February 17, 2017

#GetFitFriday · 5





This week is going to be a little more chatty than most other weeks, mostly because I've been having a bit of a rough week with my self-esteem, and my weight, and my lake of progress. I've been feeling very discouraged, and I want to use this post to hopefully get out of that funk, and start to encourage myself to get back to doing better with my health.

I have noticed when don't work, I fall off of the wagon because I'll spend the day just in bed crafting, only leaving my room to go to the kitchen for food. I have been eating relatively better, but I still just eat, and lay around, and that can't be the way I spend my days off. I also don't consume any water on the days that I don't work, because at work I consistently drink, and fill up my bottle, and keep drinking throughout the day. But, on the days that I do nothing, I don't feel as motivated to drink as much water. I'm content with just tea and juice, which is still better than pop, but not nearly as good as the water I drink on the days that I work.

I have also been neglecting the scale, and basing my success off of how I feel. This is mostly due to the amount of muscle that I have in my legs, and that I am gaining in my arms, but I can see most of my weight accumulating in my stomach, and I am getting progressively more self conscious, especially with spring and summer coming. I got on the scale the other day, and found that I have gained weight. I have tried a lot of different things in regards to my diet: smaller portions, healthier choices, I've even tried Special K. But, I still find myself putting on weight. This has me in a rut right now, but I guess it's time to start aggressively working out again. 
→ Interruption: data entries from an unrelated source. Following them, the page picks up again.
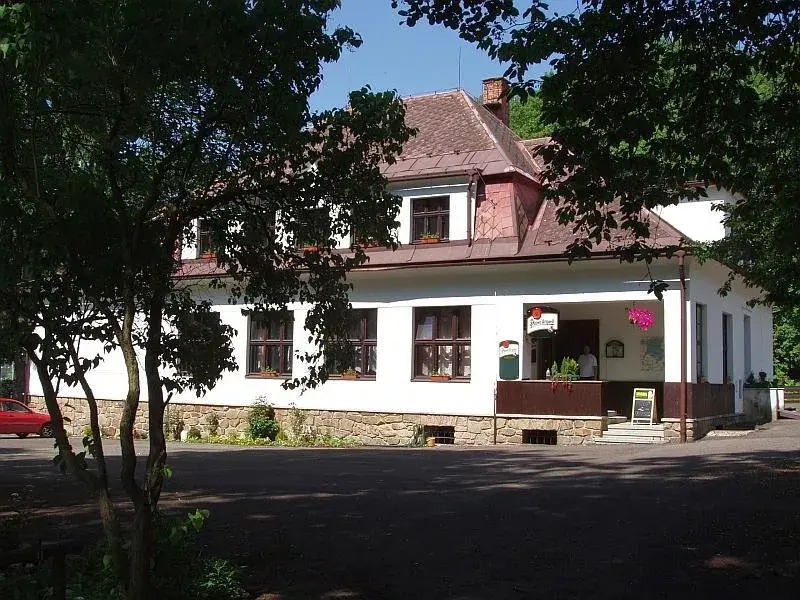 Photo 1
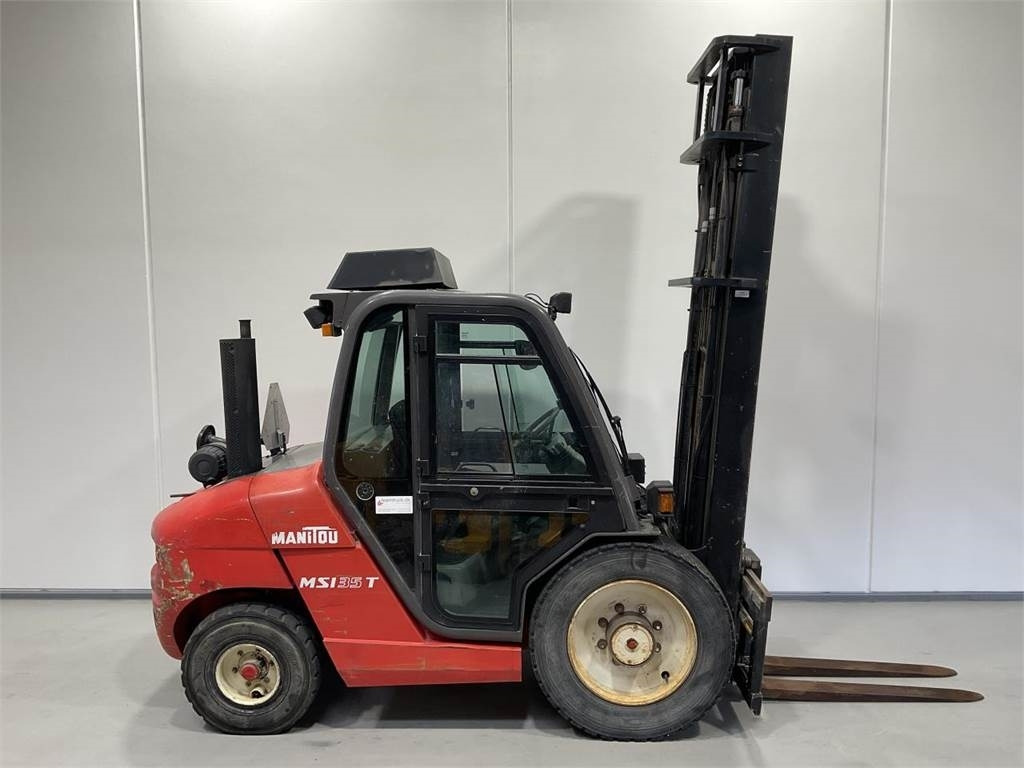 Manitou MSI 35T - Chariot tout terrain: photos 1 Manitou MSI 35T - Chariot tout terrain: photos 1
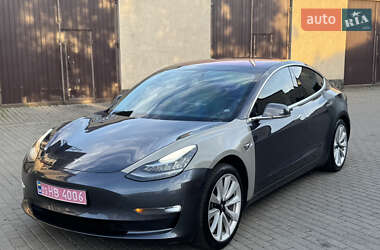 Седан Tesla Model 3 2017 в 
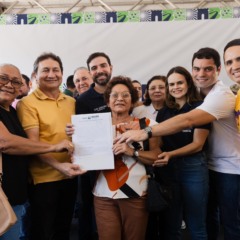 A Prefeitura de Belém realizou a entrega de 500 títulos definitivos de propriedade a famílias de diversos bairros da capital.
As I wrote this, I was reflecting on the different things that I can do to try to improve myself, and all I can think of is going out on more walks, and bike rides now that the weather is improving, visiting the gym regularly (again), and finally, setting higher goals for myself to try to push myself further. I guess this post is sort of a restarting point into getting myself into shape this year. I am just tired of seeing so much excess weight on my body, and nothing happening to it, even though I've been neglecting the obvious option (working out). 

I'm just trying to regain my drive and motivation, because everything in my life seems to be coming up Milhouse, and I wish my body would start to, too.